This time it is Kyle Lowry and the hamstring strain that remains an issue 2 1/2 weeks after the fact, amid an Eastern Conference semifinal best-of-seven playoff series that is tied 2-2 heading into Tuesday’s 7:30 p.m. Game 5 at FTX Arena.

Previously it had been a knee for Tim Hardaway in 1999, a rib for Dwyane Wade in 2005, a knee for Hassan Whiteside in 2016.

Each time, there was no recovering.

Now a misstep by Lowry in an April 22 loss in Game 3 of the first round against the Atlanta Hawks has the Heat wobbled, coming off consecutive losses in Philadelphia, considerable doubt about whether footing can be regained.

“I’ll put it this way,” Lowry said of his injury as Sunday turned to Monday, “you don’t want to play with it.”

But he did these past two games, or at least tried, shooting a combined 3 of 14 in the losses.

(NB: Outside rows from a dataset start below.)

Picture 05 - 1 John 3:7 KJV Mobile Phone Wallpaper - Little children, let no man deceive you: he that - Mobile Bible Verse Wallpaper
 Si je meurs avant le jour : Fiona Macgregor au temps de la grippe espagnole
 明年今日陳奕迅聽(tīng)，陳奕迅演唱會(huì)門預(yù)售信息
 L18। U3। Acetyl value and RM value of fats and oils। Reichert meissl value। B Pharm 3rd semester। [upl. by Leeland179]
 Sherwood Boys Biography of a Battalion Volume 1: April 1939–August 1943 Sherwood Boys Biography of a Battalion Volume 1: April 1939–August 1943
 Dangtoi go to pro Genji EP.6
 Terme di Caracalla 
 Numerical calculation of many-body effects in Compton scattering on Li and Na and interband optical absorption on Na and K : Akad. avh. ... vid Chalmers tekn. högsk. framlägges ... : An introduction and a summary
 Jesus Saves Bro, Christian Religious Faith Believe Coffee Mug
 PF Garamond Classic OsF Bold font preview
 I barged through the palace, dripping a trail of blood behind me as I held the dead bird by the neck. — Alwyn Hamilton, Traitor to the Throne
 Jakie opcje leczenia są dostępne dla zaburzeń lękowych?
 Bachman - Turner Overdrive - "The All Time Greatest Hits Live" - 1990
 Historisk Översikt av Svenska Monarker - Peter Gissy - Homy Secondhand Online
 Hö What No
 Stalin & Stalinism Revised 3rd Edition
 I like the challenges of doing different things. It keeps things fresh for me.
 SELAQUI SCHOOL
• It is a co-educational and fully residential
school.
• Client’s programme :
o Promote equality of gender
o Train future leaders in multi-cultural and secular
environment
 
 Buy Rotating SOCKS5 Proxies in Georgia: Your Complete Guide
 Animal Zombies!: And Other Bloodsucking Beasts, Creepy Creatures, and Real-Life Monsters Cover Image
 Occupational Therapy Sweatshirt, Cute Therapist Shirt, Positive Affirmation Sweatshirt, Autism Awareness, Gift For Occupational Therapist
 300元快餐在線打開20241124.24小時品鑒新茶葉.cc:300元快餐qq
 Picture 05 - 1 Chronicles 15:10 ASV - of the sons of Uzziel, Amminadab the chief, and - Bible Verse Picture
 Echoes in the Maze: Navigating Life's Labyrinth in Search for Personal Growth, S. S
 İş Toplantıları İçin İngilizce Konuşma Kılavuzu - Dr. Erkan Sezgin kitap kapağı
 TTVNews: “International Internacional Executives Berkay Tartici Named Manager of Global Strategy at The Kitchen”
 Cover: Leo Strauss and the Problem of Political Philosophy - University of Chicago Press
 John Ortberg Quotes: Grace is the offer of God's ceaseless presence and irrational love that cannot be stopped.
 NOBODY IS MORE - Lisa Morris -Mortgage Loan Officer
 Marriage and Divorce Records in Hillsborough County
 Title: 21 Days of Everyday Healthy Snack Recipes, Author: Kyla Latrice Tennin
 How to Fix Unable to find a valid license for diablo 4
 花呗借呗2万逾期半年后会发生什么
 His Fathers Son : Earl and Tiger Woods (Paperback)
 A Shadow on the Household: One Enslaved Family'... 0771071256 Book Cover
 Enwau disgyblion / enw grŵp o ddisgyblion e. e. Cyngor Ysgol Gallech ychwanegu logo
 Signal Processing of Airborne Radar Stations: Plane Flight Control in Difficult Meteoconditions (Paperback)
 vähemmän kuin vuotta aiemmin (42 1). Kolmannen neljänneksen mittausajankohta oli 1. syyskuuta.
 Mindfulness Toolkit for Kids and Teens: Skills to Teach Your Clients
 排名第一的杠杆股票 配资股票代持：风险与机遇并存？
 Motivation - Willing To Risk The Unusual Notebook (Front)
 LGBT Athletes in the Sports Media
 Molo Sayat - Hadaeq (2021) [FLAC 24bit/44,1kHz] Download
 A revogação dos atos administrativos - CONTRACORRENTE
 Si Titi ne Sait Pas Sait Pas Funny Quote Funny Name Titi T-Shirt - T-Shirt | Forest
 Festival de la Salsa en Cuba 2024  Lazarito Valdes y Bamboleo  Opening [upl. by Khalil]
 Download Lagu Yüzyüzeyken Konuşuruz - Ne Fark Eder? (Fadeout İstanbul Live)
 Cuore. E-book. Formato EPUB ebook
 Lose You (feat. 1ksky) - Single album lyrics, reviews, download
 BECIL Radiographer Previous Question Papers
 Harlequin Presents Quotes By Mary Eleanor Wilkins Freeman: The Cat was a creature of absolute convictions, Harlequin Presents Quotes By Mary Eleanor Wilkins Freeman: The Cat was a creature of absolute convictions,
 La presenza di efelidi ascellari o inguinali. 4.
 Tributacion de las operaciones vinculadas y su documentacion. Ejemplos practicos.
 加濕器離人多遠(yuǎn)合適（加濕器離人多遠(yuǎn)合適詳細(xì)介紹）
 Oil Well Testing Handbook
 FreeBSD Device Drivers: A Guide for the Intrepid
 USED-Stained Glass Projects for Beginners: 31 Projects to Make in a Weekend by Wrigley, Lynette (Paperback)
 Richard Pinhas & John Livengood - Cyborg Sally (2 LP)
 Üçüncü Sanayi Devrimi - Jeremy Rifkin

“I want to be out there,” he said of Game 5. “We’ll see what happens and how I respond to treatment. The goal is always be out there and play with my teammates.

“This is tough timing for a hamstring. I’ve never had any soft-tissue [injury]. But the goal is to be out there. So, like I said, I’m going to try to play, definitely try to play.”

With victories in Lowry’s absence in the series’ first two games, the question becomes whether limited Lowry is better than the alternatives.

It is a conundrum for more than the 36-year-old former All-Star.

“I appreciate him,” forward Jimmy Butler said in the wake of his 40-point performance in Game 4 at Wells Fargo Center. “We all do, and the fact that he wants to play, he wants to compete. And he knows our best chance of winning is with him on the floor. We understand that.

“We also want our guys to be safe. We always have more than enough to win. We always say that. We do believe that. Don’t get me wrong, he definitely helps us.”

So when asked if he was concerned, Butler said, “Not very, and very at the same time.”

He continued, “Just because that’s my guy, that’s my point guard. And I don’t want anyone in this league to ever be injured. But that’s still not going to give us an excuse to not win these games. Like I said, I want Kyle Lowry on the floor. I want our starting PG. But if he can’t go, it’s big shoes to fill, but somebody’s got to do it.”

Third-year Gabe Vincent did just that in helping the Heat win the final two games of the Hawks series and then the first two of this matchup. But with each game, the stakes rise, the 76ers now getting some of the best of James Harden, while the Heat could be left turning back to a point guard who a year ago was on a two-way contract.

Even at half speed, which was the case for the 30:16 that Lowry played in Game 4, there still was a contribution Sunday, with seven assists.

“He’s such a warrior, that we’ll just have to see,” Heat coach Erik Spoelstra said of Lowry.

Still, with the game in the balance, when Lowry-level defense was needed against Harden, when just one or two more shots could have shifted momentum, Lowry sat the final 10:18 Sunday. That, alone, spoke volumes of what Spoelstra was seeing.

“It was just part of the game,” Lowry said. “That group had it going at the end. That group fought and was fighting to get back.”

At this point, Lowry said it is beyond another MRI or anything other than treatment in the moment.

“I think we know what it is,” he said. “I think we can figure it out. My team doctors and our training staff, we’ll all communicate and continue to be on the same page and go forward from there.”